The standard output and error of the job are written to slurmjob.out and slurmjob.err, respectively.

The current status of the job is written to (and read from) the slurmjob.log file. By default, the job is not resubmitted if slurmjob.log exists. Instead, it waits for the job to complete without resubmitting it. You can remove slurmjob.log to ensure that the job is resubmitted, but this is obviously dangerous if the job is still running.

If the inputs of the job specified with sbatch("compute/", inp=["inp.txt"]) have changed, restarting the workflow will by default raise an exception. Ideally, you should clean up old outputs before restarting the workflow, and check that you really want to remove the data before doing so. If you feel this is overly cautious, you can set the STEPUP_QUEUE_RESUBMIT_CHANGED_INPUTS environment variable to "yes" to allow the workflow to resubmit jobs with changed inputs. Old outputs are not removed before resubmission. It is assumed that your job script will perform the necessary cleanup itself.

Examples

  • A simple example with static and dynamically generated job scripts can be found in the examples/slurm-basic/.

  • The example examples/slurm-perpetual/ shows how to run StepUp itself as a job in the queue, which cancels and submits itself again when nearing the wall time limit, if the workflow has not yet completed.

Killing running jobs

If you decide that you want to interrupt the workflow and cancel all running SLURM jobs, it is not enough to simply kill or stop StepUp. You must also cancel the jobs in the SLURM queue. This can be done by running the following command from the top-level directory of the workflow:

stepup canceljobs

It is part of the design of StepUp Queue’s not to automatically cancel jobs when the workflow is interrupted. It is quite common for a workflow to be interrupted by accident or for technical reasons. In this case, it would be inefficient to also cancel running jobs, which may still be doing useful work. Instead, jobs continue to run and you can restart the StepUp workflow to pick up where it left off.

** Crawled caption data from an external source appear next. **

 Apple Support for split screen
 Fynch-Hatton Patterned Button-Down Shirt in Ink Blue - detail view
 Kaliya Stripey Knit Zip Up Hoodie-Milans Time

After having cancelled jobs, it is still your responsibility to clean up files in the workflow. Removing them is not always desirable, so this is not done automatically.

Technical Details

The timestamps in the log file have a low resolution of about 1 minute. The job state is only checked every 30–40 seconds to avoid overloading the Job Scheduler. Information from slurmjob.log is maximally reused to avoid unnecessary scontrol calls.

The status of the job is inferred from scontrol show job, if relevant with a --cluster argument. To further minimize the number of scontrol calls in a parallel workflow, its output is cached and stored in ~/.cache/stepup-queue. The cached results are reused by all sbatch actions, so the number of scontrol calls is independent of the number of jobs running in parallel.

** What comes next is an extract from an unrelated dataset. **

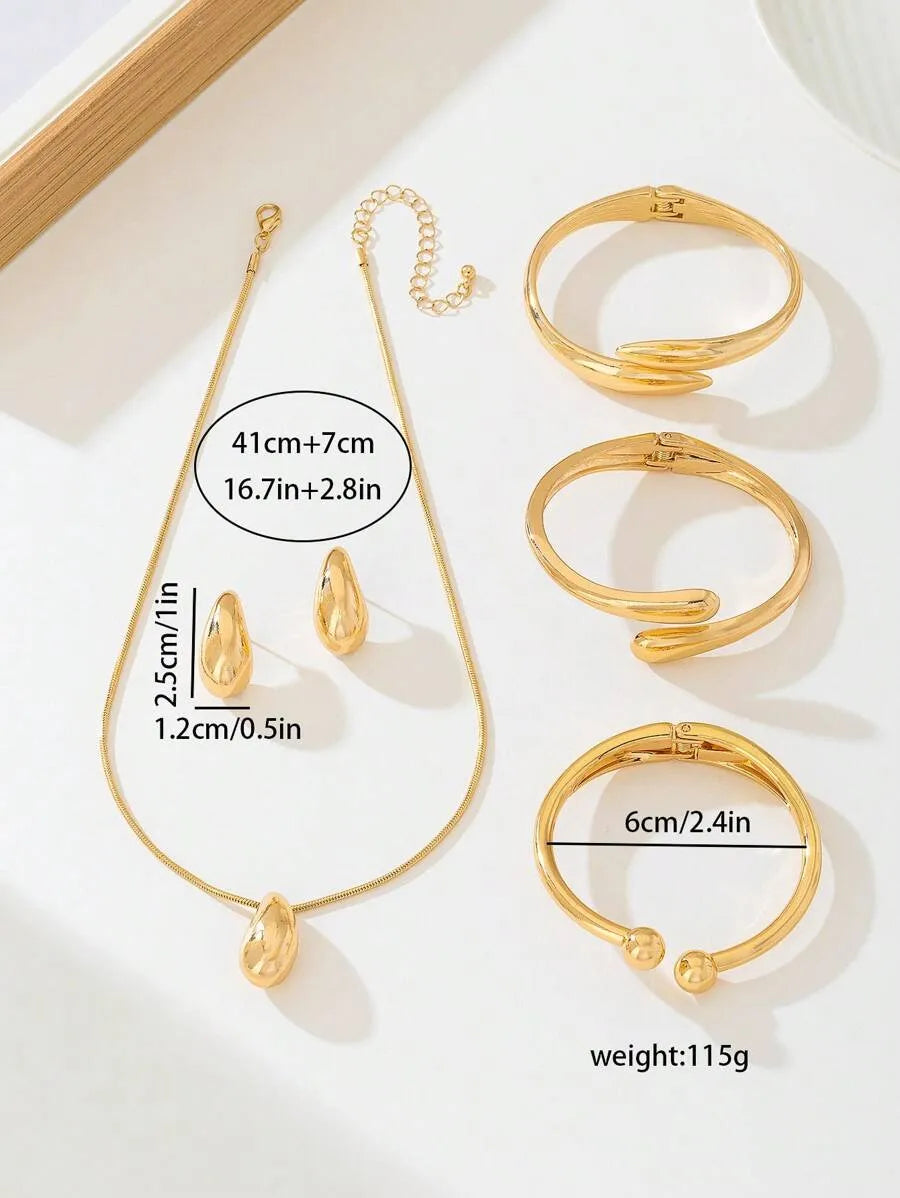 SHEIN طقم مجوهرات نسائي 3 قطع قلادة وأقراط بتصميم قطرة ماء بلون ذهبي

The time between two scontrol calls (per cluster) can be controlled with the STEPUP_SBATCH_CACHE_TIMEOUT environment variable, which is "30" (seconds) by default. Increase this value if you want to reduce the burden on Slurm.

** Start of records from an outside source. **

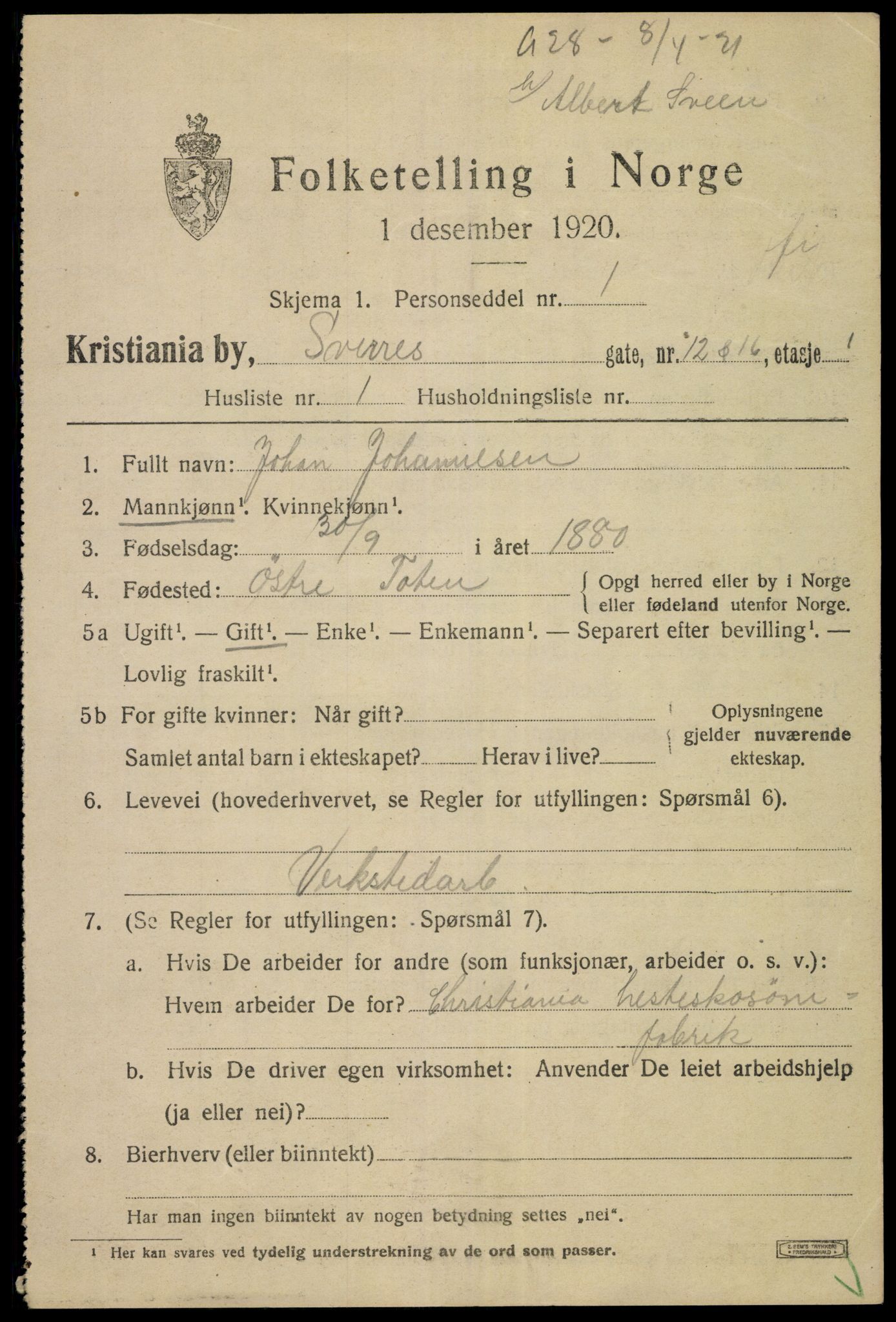 SAO, 1920 census for Kristiania, 1920, p. 559681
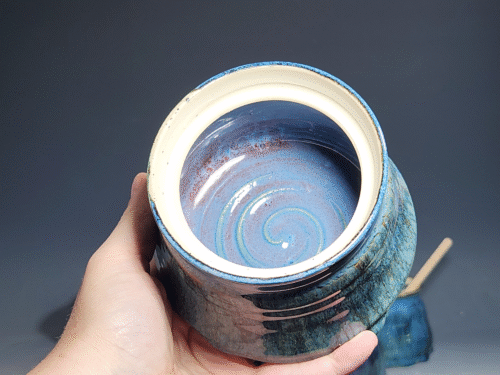 Hand-thrown Pottery Lidded Honey Jar, Ceramic Sugar Bowl, Rustic, Handmade Honey Pot With Dipper, Wheel Thrown, Each - Image 6
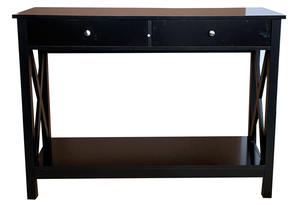 Mesa Consola de Madera, Mesa Auxiliar con Dos Cajones y Estante, Mesa Lateral de Madera con 2 Cajones para Sala de Estar - Product Image 3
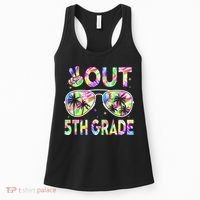 Peace Out 5th Grade Tie Dye Graduation Last Day Of School Women's Tank Top thumb 0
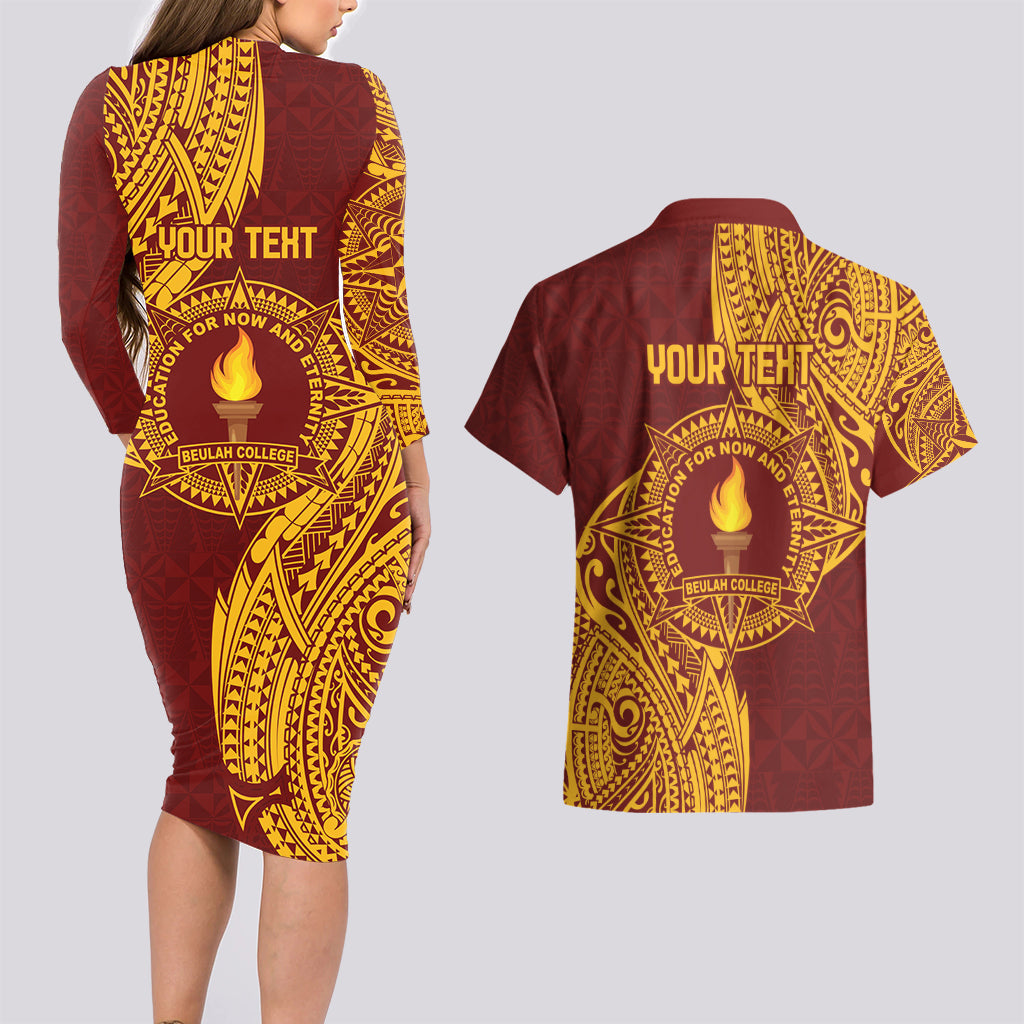 Personalised Tonga Beulah College Couples Matching Long Sleeve Bodycon Dress and Hawaiian Shirt Since 1938 Special Kupesi Pattern LT9 - Polynesian Pride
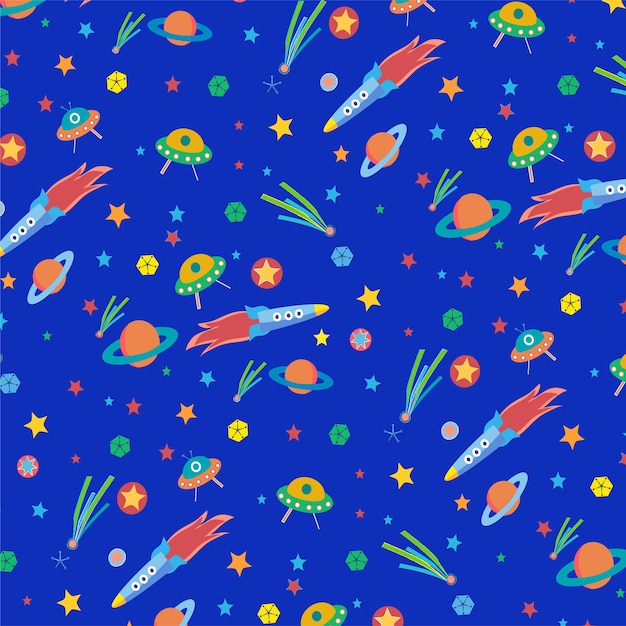 Premium Vector | Space seamless pattern background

The cached output of scontrol is checked with a randomized polling interval. The randomization guarantees that concurrent calls to scontrol (for multiple clusters) will not all coincide. The polling time can be controlled with two additional environment variables:

  • STEPUP_SBATCH_POLLING_INTERVAL = the minimal polling interval in seconds, default is "10".
  • STEPUP_SBATCH_TIME_MARGIN = the width of the uniform distribution for the polling interval in seconds, default is "5".